> Task objective
Every line below from the one with "微笑的母亲抱着女儿在家门口上学家庭高清图片素材" through the one with "Scenic waterfall surrounded" should be retyped exactly, both ends included; no other lines and no pictures.

> Records for this task
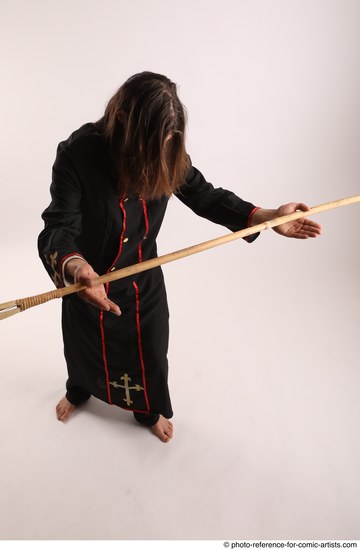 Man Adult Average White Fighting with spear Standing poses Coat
==
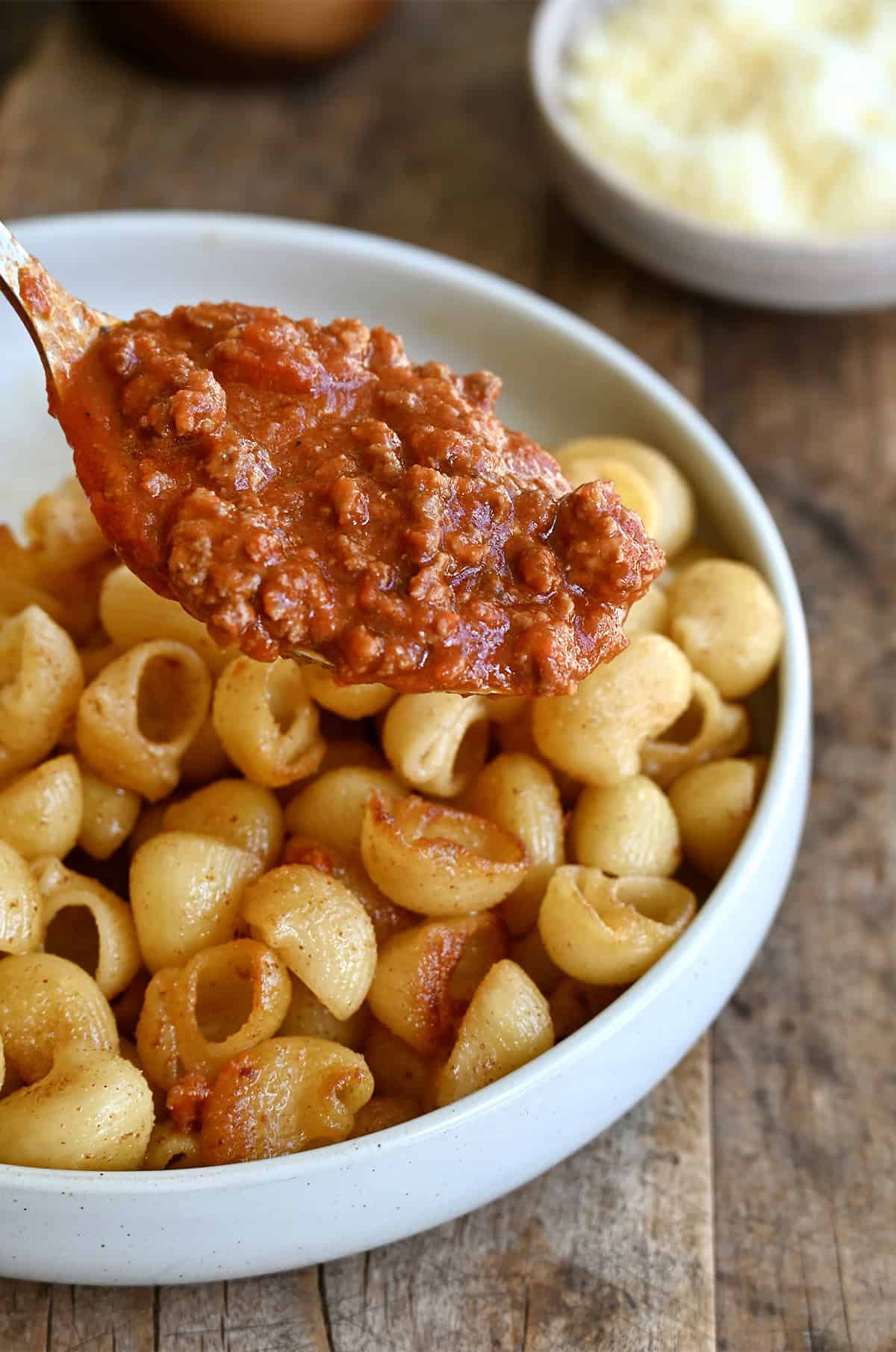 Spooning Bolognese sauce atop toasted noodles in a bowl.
---
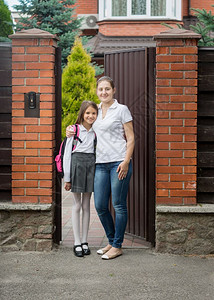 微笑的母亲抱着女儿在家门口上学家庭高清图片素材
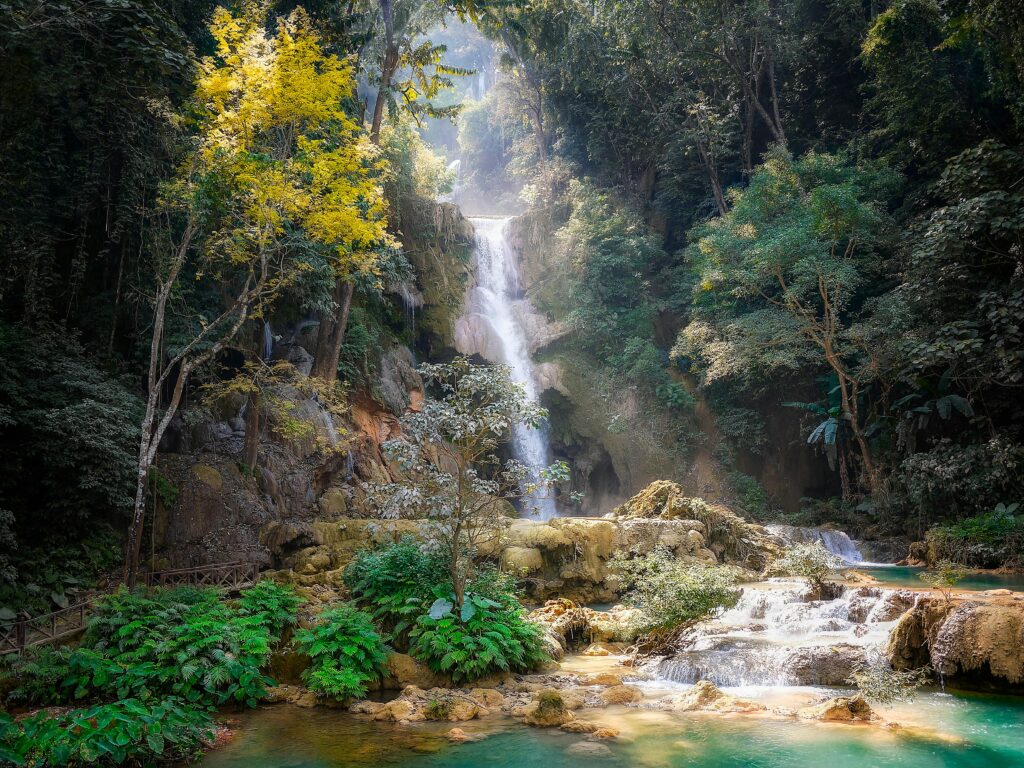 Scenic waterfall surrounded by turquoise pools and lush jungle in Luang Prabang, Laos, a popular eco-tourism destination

> Answer space
 微笑的母亲抱着女儿在家门口上学家庭高清图片素材
 Scenic waterfall surrounded by turquoise pools and lush jungle in Luang Prabang, Laos, a popular eco-tourism destination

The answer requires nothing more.